Easter is fast approaching and with it, a huge number of public holidays. Good Friday and Easter Monday are public holidays throughout Australia and in Victoria and New South Wales, Saturday and Sunday are also public holidays. Throw in ANZAC Day in the same week and restaurant and café owners around Australia are looking down the barrel of a week of penalty rates, peak times and perhaps fewer available employees.

 

Many foodservice venues are likely to close completely over this time or significantly reduce their trading hours, perhaps to reduce labour costs or take a break themselves. But others will be looking to capitalise on the time when people are looking to enjoy themselves (and skip the part where they have to cook for themselves)!

 

So, should you stay open or take a break yourself?

 

Are you in a busy tourist area?

If you’re somewhere the tourists flock to in holiday times you’re probably gearing up for one of the busiest weekends of the year.
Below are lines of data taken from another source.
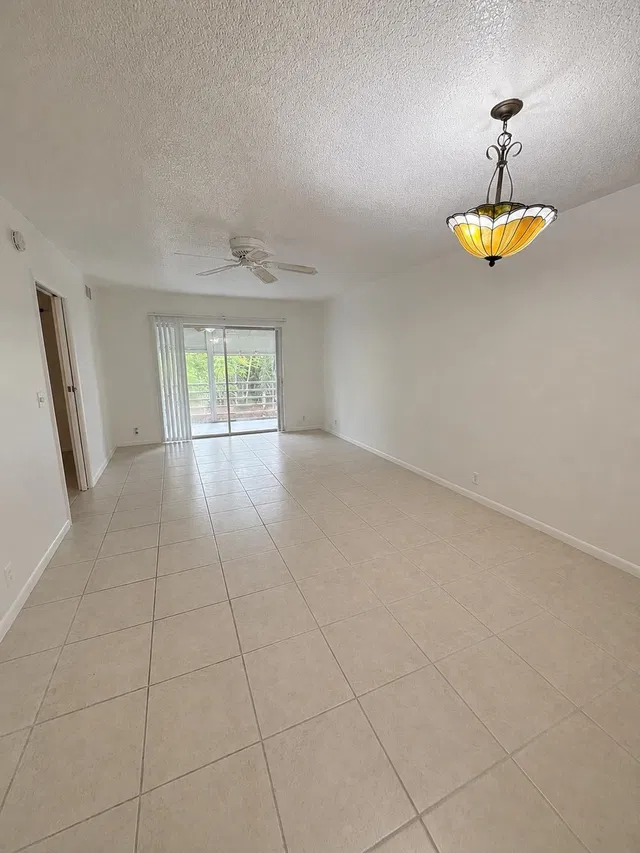  Unit 247 photo 12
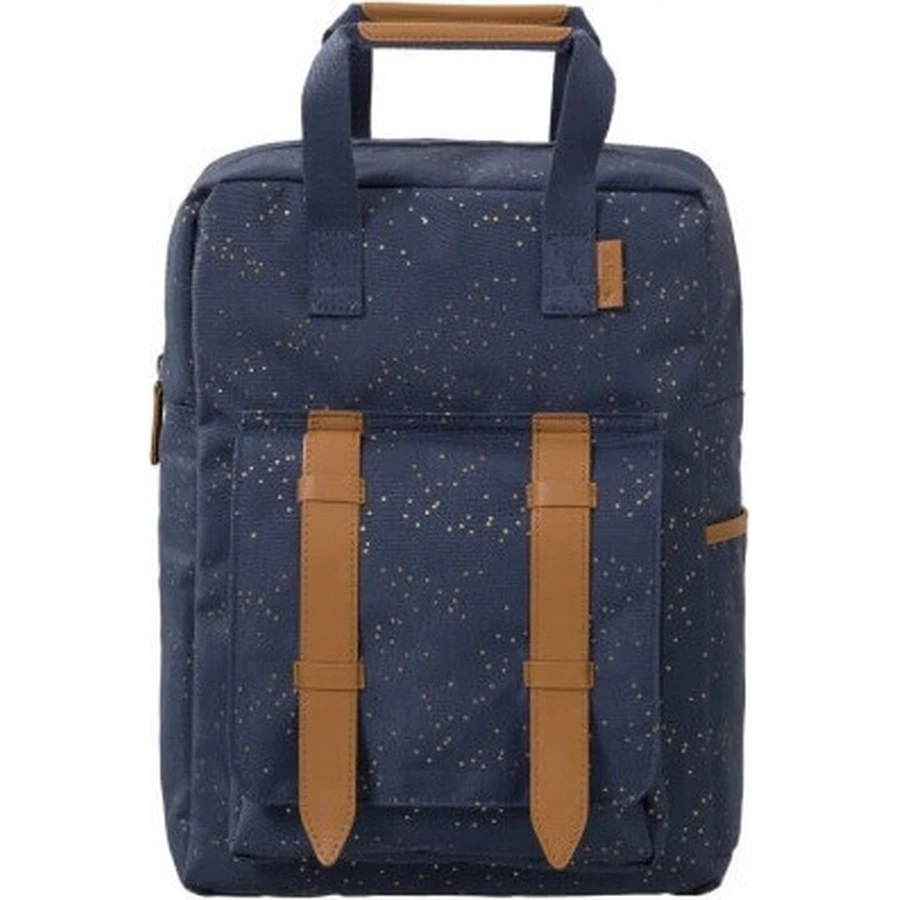 FRESK Детский рюкзак Indigo Dots 1×1 шт, рюкзак: цены и характеристики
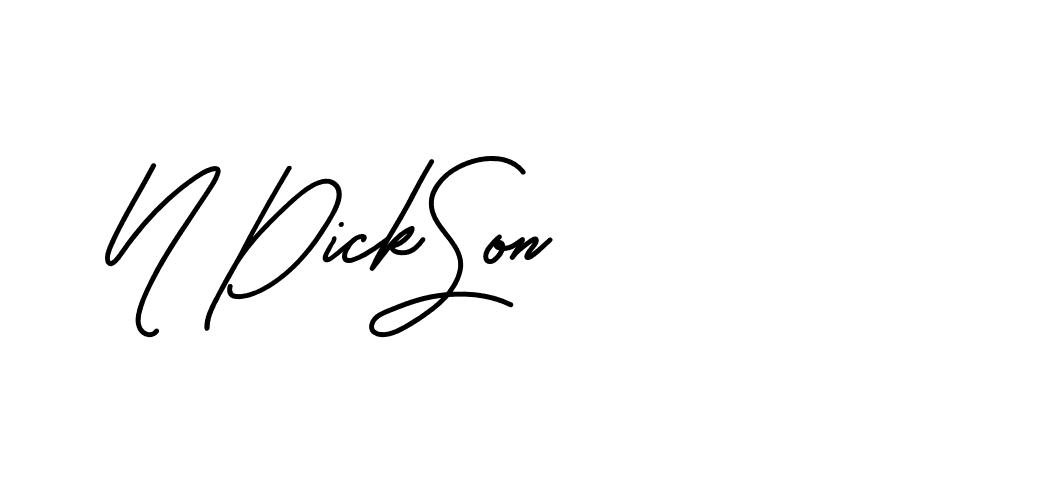 The best way (Beathy-JRlrj) to make a short signature is to pick only two or three words in your name. The name Ceard include a total of six letters. For converting this name. Ceard signature style 2 images and pictures png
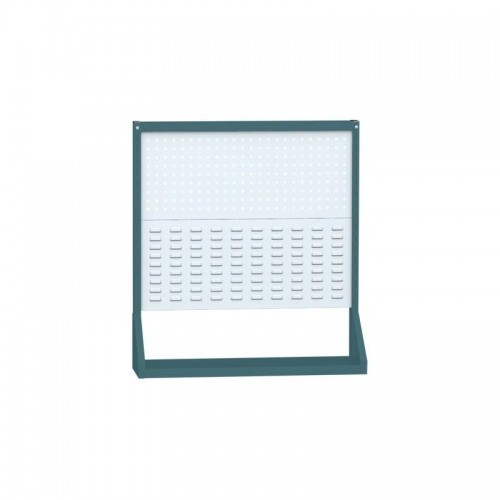 Valtsitav perforeeritud plaat PSZ_11_A_S1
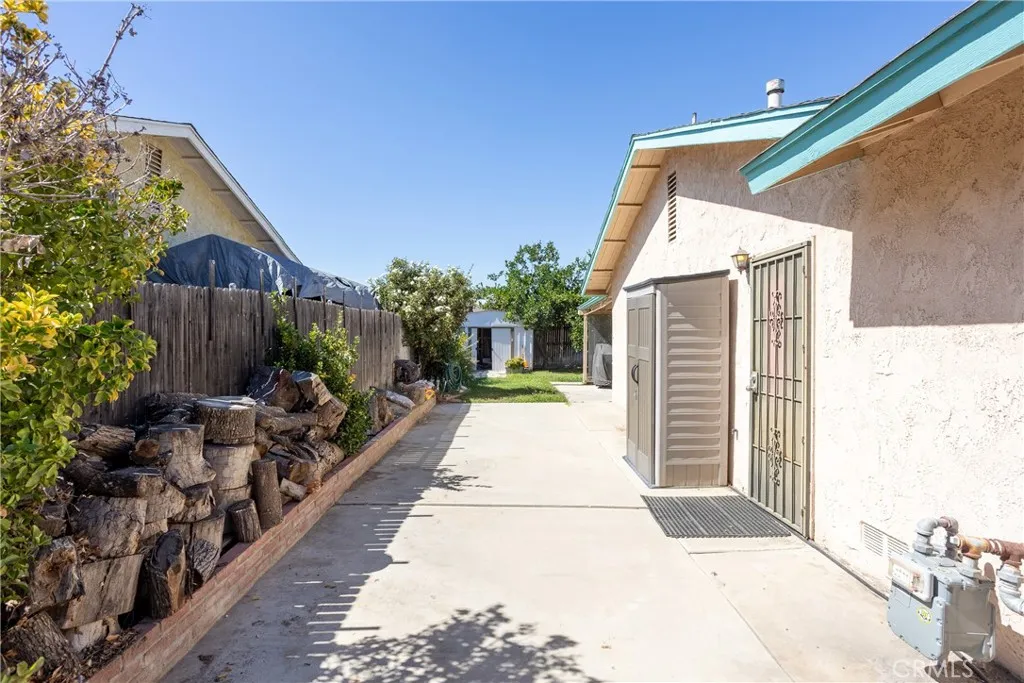 26699 Jackie Drive, Hemet, California 92544 home-pic-26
With some careful planning this period could be one of your most profitable.

 

Can you offer reduced services?

Are you in the position you can offer some reduced services over the public holidays to keep costs to a minimum while also serving your customers? It may not seem like much, but labour costs do add up. If you are able to function effectively while being one or two employees down, it could positively impact your bottom line. You could also consider a shortened lunch service or premade hampers instead of ala carte.

 

Consider a public holiday surcharge

If wages are going to cripple your business, consider adding a reasonable public holiday surcharge that goes directly to your hard-working employees’ wages. Most diners don’t mind a surcharge if you explain openly what it is for.

 

Do you need a holiday?

Foodservice operators are among the hardest working people in the country. Have you stopped, taken a breath and considered taking the time off? Perhaps it’s a good time to reward your staff with a casual staff party? The lost revenue may be worth it for the recharge and team bonding.

 

There are so many factors to consider when approaching public holidays in the foodservice industry. With careful planning it can be the most profitable time of the year or it can bring unnecessary stress for all involved. Take the time now to consider your options and you’ll thank yourself at the end of the month.